◆ ABOUT THIS EXERCISE:
Your answer should be the lines below from the one with "Tree Stump In" to the one with "Wind Damage", both included, given again exactly and with nothing added.

RECORD EXCERPTS Start Marker

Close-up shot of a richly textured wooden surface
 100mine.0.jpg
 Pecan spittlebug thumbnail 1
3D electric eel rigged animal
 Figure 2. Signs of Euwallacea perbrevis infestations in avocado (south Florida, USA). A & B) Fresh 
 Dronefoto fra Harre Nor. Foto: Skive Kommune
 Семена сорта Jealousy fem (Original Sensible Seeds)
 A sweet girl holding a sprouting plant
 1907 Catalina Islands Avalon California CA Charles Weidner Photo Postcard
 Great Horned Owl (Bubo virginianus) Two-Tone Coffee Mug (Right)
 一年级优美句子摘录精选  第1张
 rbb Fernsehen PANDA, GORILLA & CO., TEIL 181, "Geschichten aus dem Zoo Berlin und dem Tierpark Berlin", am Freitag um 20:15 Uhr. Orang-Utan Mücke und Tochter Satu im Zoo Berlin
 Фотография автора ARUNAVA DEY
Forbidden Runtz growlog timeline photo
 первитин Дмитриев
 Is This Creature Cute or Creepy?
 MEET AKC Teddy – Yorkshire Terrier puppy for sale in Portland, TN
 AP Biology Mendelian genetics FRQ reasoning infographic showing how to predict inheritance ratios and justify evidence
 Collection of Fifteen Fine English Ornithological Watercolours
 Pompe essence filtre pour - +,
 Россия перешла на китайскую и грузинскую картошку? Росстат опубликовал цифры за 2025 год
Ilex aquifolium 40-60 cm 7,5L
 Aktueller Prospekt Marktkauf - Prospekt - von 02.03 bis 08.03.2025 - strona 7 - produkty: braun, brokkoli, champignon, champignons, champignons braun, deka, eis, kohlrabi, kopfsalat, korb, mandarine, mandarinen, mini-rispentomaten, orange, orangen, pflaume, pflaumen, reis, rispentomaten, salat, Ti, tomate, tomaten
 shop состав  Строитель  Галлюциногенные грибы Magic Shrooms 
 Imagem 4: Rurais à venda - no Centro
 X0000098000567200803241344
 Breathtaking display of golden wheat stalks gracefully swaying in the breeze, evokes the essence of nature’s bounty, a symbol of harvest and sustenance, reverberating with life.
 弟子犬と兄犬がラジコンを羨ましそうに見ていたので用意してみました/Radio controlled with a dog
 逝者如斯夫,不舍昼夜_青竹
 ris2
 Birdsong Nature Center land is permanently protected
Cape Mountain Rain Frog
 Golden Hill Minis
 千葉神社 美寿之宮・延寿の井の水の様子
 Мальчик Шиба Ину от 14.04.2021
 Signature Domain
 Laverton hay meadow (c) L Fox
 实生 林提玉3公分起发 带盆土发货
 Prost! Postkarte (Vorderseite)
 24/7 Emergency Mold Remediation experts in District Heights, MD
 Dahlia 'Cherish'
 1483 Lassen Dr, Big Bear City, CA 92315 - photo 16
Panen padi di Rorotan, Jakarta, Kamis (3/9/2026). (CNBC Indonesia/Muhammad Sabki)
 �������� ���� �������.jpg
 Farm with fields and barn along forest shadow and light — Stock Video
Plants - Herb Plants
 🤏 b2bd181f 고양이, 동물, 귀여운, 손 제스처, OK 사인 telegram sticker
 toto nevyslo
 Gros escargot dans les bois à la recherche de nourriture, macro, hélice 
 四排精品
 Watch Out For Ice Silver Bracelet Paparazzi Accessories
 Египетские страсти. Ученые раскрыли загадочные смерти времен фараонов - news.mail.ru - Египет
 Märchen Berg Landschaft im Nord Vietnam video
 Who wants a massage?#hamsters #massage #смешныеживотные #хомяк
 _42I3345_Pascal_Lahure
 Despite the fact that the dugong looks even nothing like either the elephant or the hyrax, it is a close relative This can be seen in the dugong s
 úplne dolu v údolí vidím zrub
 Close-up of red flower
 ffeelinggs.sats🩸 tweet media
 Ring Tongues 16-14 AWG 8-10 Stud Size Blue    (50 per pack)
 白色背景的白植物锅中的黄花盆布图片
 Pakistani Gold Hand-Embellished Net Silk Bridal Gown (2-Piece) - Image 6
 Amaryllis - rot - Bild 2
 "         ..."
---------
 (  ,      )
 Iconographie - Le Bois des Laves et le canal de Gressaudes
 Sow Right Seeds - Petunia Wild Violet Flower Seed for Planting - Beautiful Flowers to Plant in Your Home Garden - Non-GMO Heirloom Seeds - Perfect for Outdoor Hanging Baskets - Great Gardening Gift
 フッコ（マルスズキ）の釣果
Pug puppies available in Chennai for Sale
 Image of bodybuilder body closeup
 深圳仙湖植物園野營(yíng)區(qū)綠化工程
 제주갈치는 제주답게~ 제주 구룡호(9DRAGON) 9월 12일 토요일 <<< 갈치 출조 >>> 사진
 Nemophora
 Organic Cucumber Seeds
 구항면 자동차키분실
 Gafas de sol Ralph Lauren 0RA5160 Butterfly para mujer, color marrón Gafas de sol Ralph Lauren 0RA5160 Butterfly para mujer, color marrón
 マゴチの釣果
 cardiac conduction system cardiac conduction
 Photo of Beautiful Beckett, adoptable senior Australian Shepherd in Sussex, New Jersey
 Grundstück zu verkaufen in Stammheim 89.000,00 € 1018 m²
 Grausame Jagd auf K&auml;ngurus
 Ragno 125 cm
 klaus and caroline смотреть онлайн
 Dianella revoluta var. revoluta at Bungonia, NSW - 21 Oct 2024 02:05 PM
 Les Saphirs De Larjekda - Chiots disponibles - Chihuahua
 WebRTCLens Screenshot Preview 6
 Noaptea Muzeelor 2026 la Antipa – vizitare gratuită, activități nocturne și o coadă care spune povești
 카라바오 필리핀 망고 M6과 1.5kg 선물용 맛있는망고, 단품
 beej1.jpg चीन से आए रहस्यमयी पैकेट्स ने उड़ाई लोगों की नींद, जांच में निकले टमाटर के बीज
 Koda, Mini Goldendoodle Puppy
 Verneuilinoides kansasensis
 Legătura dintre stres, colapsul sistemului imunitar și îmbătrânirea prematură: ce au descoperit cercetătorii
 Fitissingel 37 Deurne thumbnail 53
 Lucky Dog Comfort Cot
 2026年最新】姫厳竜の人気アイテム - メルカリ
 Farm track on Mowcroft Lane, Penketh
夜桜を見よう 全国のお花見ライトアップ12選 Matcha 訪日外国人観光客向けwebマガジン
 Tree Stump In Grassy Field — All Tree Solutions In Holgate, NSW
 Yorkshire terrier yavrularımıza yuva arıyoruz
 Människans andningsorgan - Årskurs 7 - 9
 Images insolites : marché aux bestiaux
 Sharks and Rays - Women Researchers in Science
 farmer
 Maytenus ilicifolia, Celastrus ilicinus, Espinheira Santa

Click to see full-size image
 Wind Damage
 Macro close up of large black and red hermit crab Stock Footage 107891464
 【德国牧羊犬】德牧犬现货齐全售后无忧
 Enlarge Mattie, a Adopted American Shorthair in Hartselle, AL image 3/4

RECORD EXCERPTS End Marker

◆ SOLVED PROBLEM:
 Tree Stump In Grassy Field — All Tree Solutions In Holgate, NSW
 Yorkshire terrier yavrularımıza yuva arıyoruz
 Människans andningsorgan - Årskurs 7 - 9
 Images insolites : marché aux bestiaux
 Sharks and Rays - Women Researchers in Science
 farmer
 Maytenus ilicifolia, Celastrus ilicinus, Espinheira Santa

Click to see full-size image
 Wind Damage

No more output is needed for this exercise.